KEY POINTS:
The number of people signing up to the KiwiSaver appears to be exceeding the Government's expectations.
Finance Minister Michael Cullen said early indicative figures for the first five weeks of the workplace saving scheme showed 92,000 enrolments and just 3000 electing to opt out when they begun a new job.
"Treasury forecasts that 345,000 people would have enrolled in KiwiSaver by the end of the first year, that's just under 30,000 a month," Dr Cullen said.
"This data suggests that take-up to date is well ahead of that number."
Figures provided said:
*33,000 people had actively chosen a provider and gone directly to a scheme to enrol;
*47,000 people had actively chosen a provider and enrolled via their employer; and
*12,000 people who had not made a decision and been automatically enrolled.
The figures could still change because some employers were still yet to notify enrolments and some of the 12,000 who had been automatically signed up could yet elect to opt out within the eight week start up period.

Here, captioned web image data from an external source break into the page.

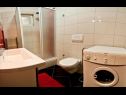 Apartmanok Spomenka - green paradise; A1(4+1), A2(4+1), A3(6) Palit - Rab sziget  - Apartman - A1(4+1): fürdőszoba toalettel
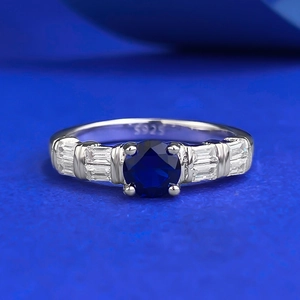 925 Sterling Silver Blue Rhinestone Ring For Women Fashion Round Sapphire-Look Geometric Inlaid Finger Ring Jewelry Gift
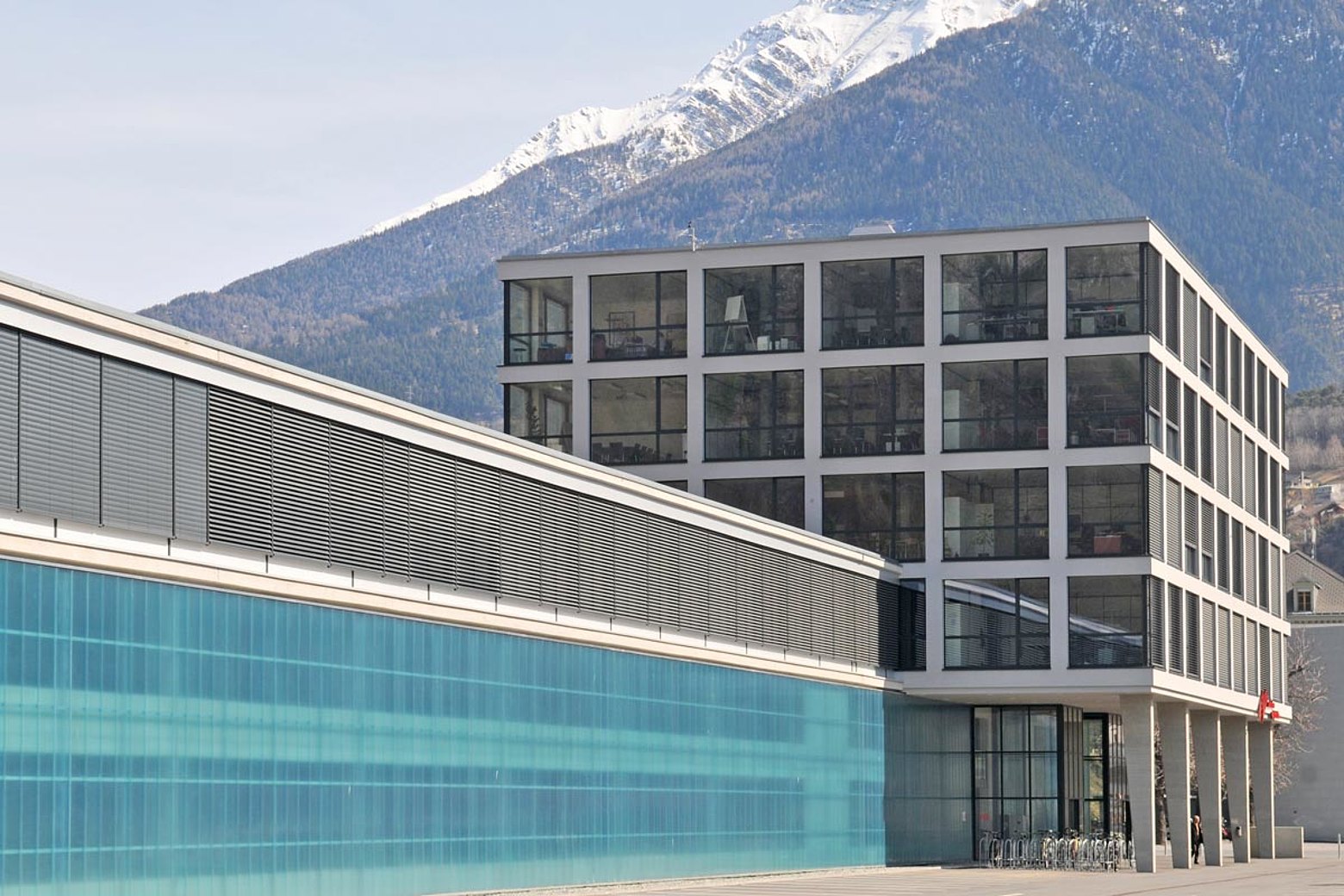 Thermally insulated windows, doors and glazings, thermally insulated lift-up sliding door with 3.8 m height, forster unico
Administration building "Matterhorn Gotthard Bahn", Brig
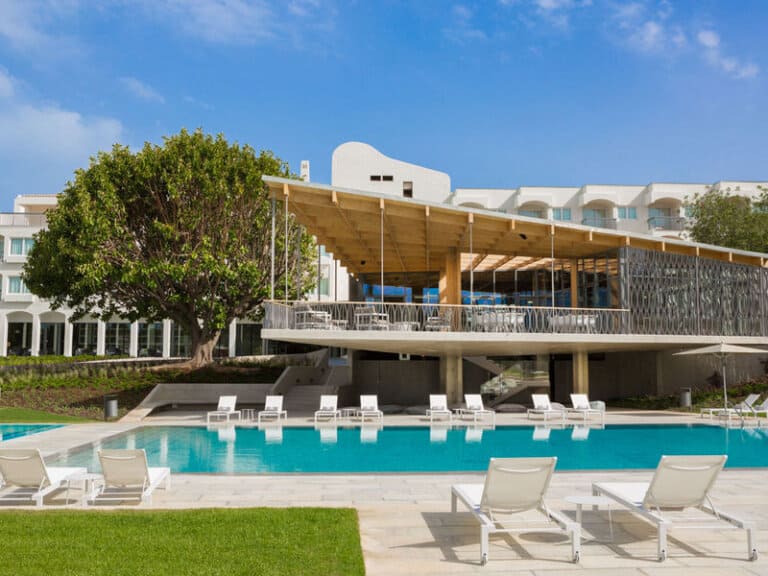 Ozadi Tavira Hotel exterior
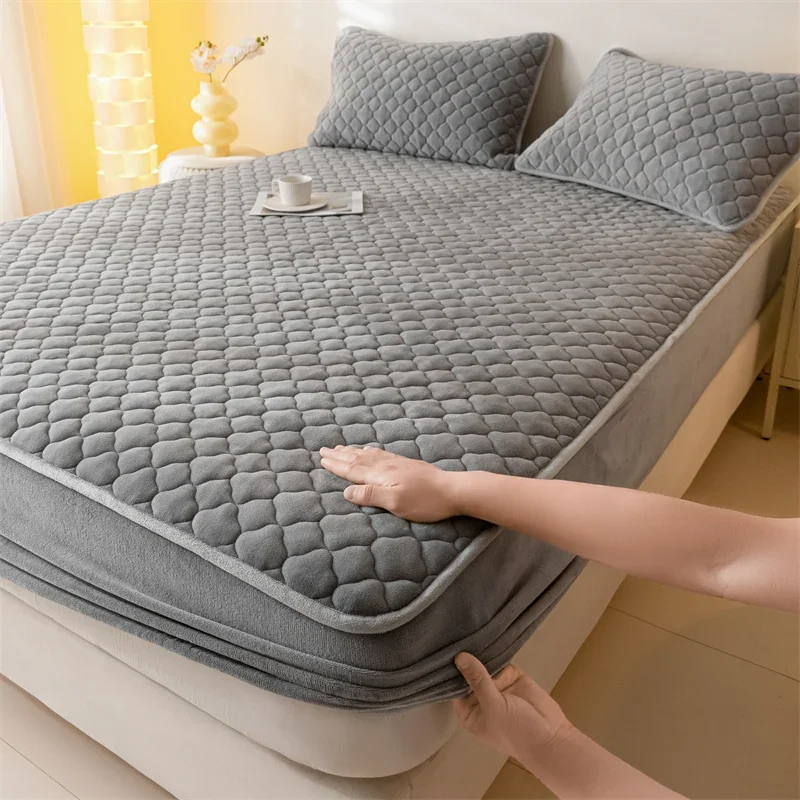 Super dikke fleece warme matrashoes All-inclusive pluizig gewatteerd hoeslaken Effen kleur matrasbeschermer voor de winter: 200x220cm / Rood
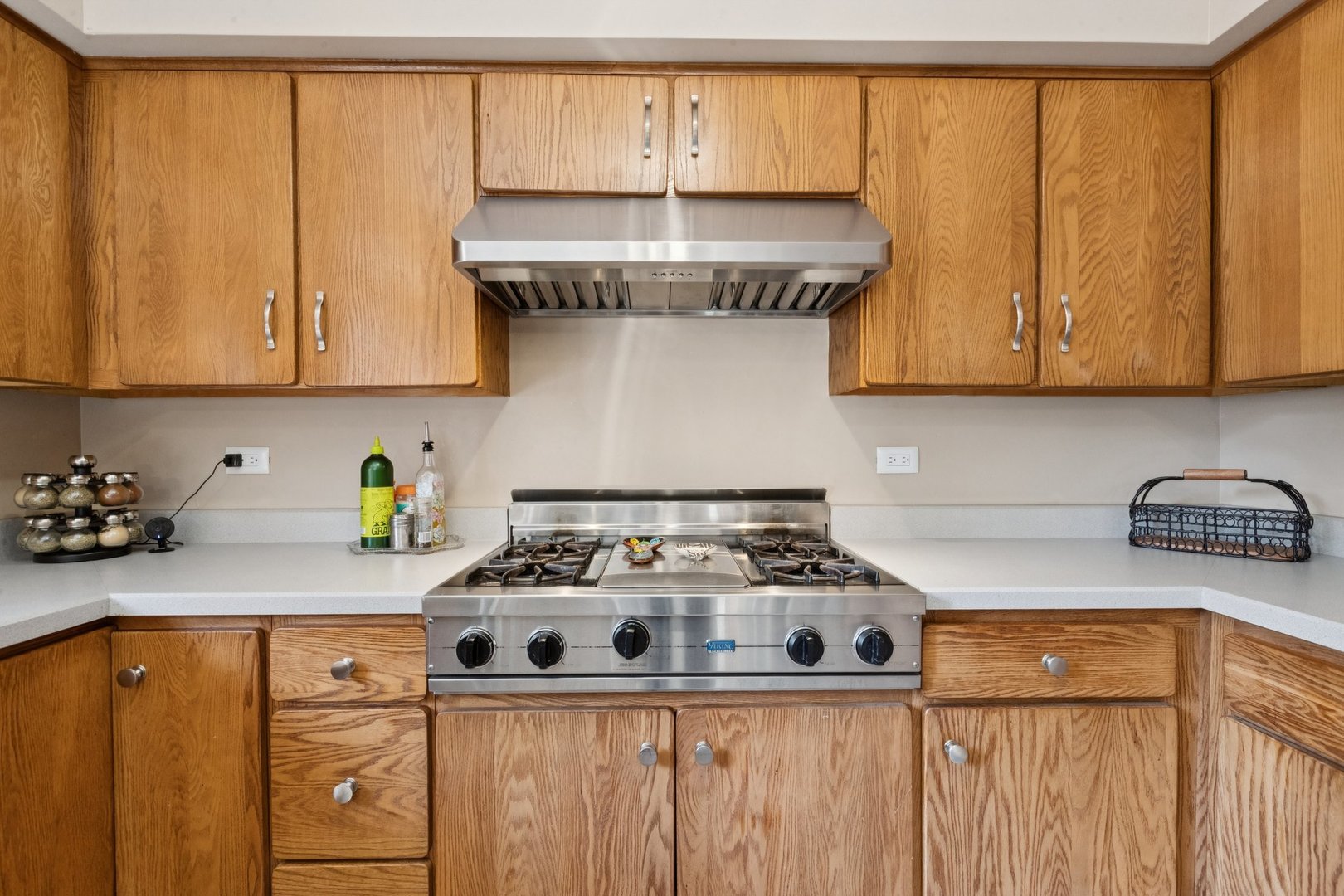 715 Fuller Road, Gurnee, IL 60031
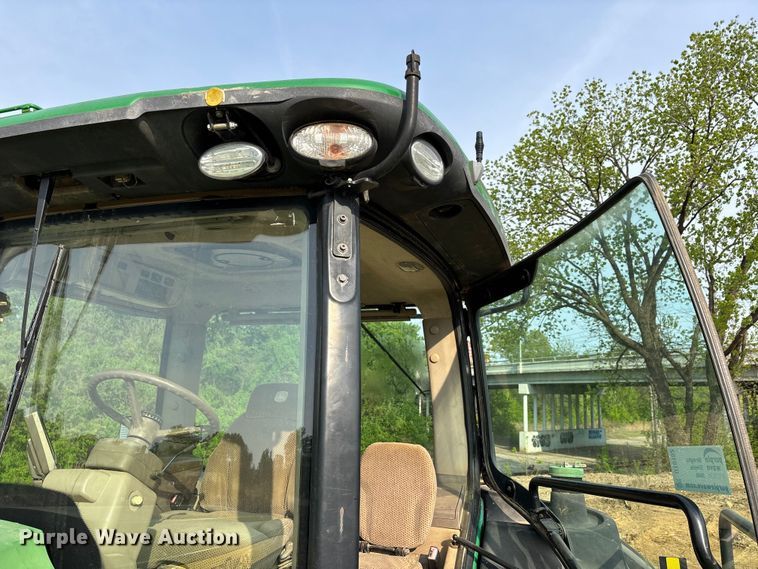 image for item DT0152 2014 John Deere 9570RT tractor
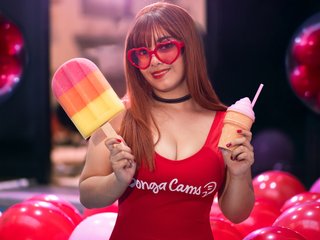 Еротичен видео чат Lucy-Adams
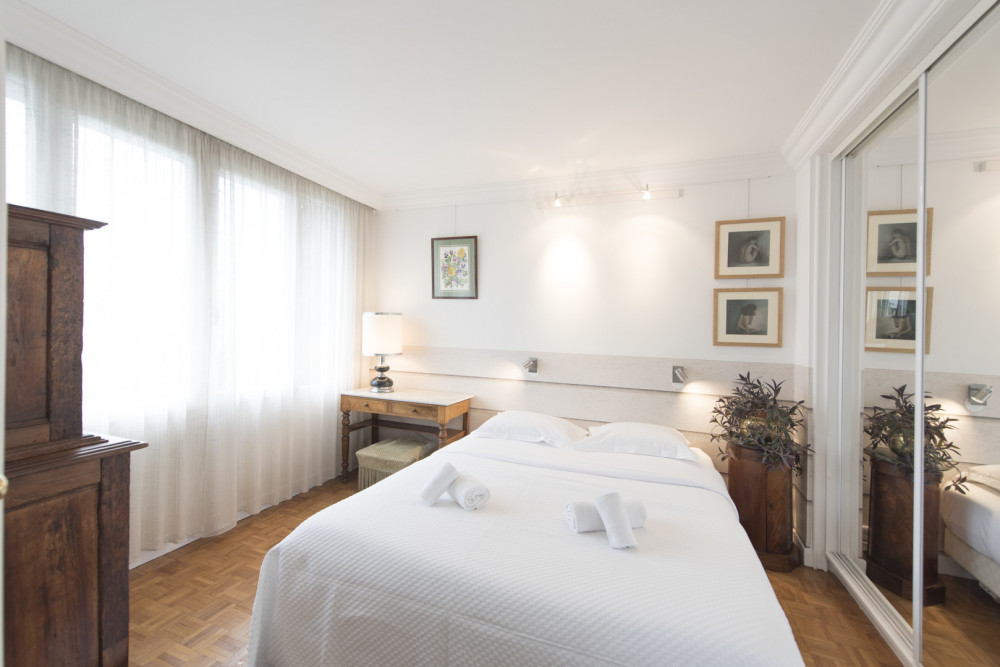 Apartment near Pont de Grenelle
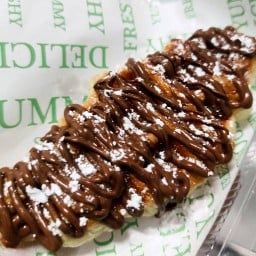 ครอฟเฟิล Croffle Folk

Officials told NZPA they could not tell from the figures how many of those who signed up were in existing jobs and actively tried to join, and how many who did sign up had been asked as they began a new job.
Dr Cullen had always believed that most people would sign up when they changed jobs or entered the workforce, though the figures indicate a number of people in jobs have been enthusiastic about KiwiSaver.
Dr Cullen was still cautious despite the positive news.
"This level of activity may not be sustained in the coming months, though we could expect another surge of activity next April when compulsory employer contributions come into force."
Dr Cullen said he had yet to adjust his estimates of the cost of the scheme as it was too early to make assumptions, but it would be higher.
"That's good news in the sense we are getting more people into regular savings."
The figures also give no indication of another crucial fact -- whether there has been any increase in the overall savings rate.
Some have argued the scheme would fail because savers would just change who they saved with and there would be little increase in the overall level of savings.